Trail Ramblings: Have You Ridden This Trail?

The trails and the weather were perfect this past holiday weekend, so I hope you got out to enjoy it. If you have an itch to go further afield than our local trails, consider the area’s NRD trails. One that’s been mostly closed since the floods of 2015 just finally re-opened in it’s entirety this spring.

Trail Link
The Steamboat Trace runs between the OPPD Arbor coal plant six miles south of Nebraska City to the Cooper Nuclear Power Plant a few miles south of Brownville. Parts have been rideable, but other segments had been badly eroded. The drama from a year ago when a farmer placed a fence across the trail was resolved, but the trail festival and bike ride that had taken place the last few years is no more.

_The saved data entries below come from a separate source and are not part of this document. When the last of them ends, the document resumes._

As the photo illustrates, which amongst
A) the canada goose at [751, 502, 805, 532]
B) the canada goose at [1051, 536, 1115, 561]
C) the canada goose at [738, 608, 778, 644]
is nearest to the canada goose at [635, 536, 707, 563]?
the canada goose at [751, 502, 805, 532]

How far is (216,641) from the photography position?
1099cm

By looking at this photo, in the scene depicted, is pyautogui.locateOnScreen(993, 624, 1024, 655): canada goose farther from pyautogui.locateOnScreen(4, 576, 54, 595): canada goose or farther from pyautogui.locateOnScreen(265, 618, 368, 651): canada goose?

Lewis and Clark passed nearby on their journey of exploration west. The Midland Pacific Railroad built the rail corridor the trail now occupies in the late 1800’s, later to be taken over by the Burlington Northern. Midway on the trail sits the town of Peru, home to Nebraska’s first four-year college. Peru has a trailhead with restrooms, which the power plant trailhead does not, and a supermarket. Peru nearly has it’s own water system back on line after the flood, but not quite, so the hydrant at the trail head is still capped. There is even a repair stand with tools and a pump, but if you have Presta valves and need to use it, you’d better have your converter because it’s only Schrader compatible. There is a restaurant, but check to see if it’s open if you’re planning to go.
What makes this trail different than other area NRD trails are the views of the river and the bluffs, and that much of it is shaded. Just south of Peru are rock carvings, while not ancient, are fun to see. It seemed to me that there are fewer now than before the flooding. The Peru flats, river valley crossed with levees, are north of Peru and if you’re riding on a hot day, I recommend riding that section earlier or later in the day as it has no shade. If you’d like to mix it up with some hills, the gravel roads in the area are great.

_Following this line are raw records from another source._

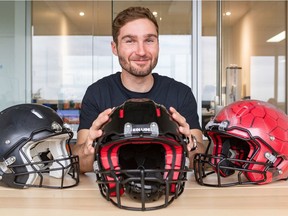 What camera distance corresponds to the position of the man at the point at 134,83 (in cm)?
111

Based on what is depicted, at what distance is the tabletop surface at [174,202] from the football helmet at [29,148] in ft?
0.10

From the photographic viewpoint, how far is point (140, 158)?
Result: 0.73 metres

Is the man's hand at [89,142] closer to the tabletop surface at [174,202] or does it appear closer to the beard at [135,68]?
the tabletop surface at [174,202]

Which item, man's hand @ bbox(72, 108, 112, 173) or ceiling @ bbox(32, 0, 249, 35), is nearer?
man's hand @ bbox(72, 108, 112, 173)

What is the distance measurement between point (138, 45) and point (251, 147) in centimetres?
47

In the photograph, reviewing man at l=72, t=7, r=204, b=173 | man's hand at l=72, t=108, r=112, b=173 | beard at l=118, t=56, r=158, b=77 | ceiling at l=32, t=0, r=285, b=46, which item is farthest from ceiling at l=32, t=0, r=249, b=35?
man's hand at l=72, t=108, r=112, b=173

We decided to bike pack to Brownville this time and spend the night, though other times we’ve ridden out-and-back. If you do this be aware that the campground along the river currently has no services, as they also got washed out in the flooding. There are also Air bnb’s. It was worth camping for the birdsong, though. I recorded 19 different birds in 5 minutes from our tent.
Brownville is a state-certified creative district, so there is always something to see and do if you look for it, which is amazing considering how small the town is (pop.142).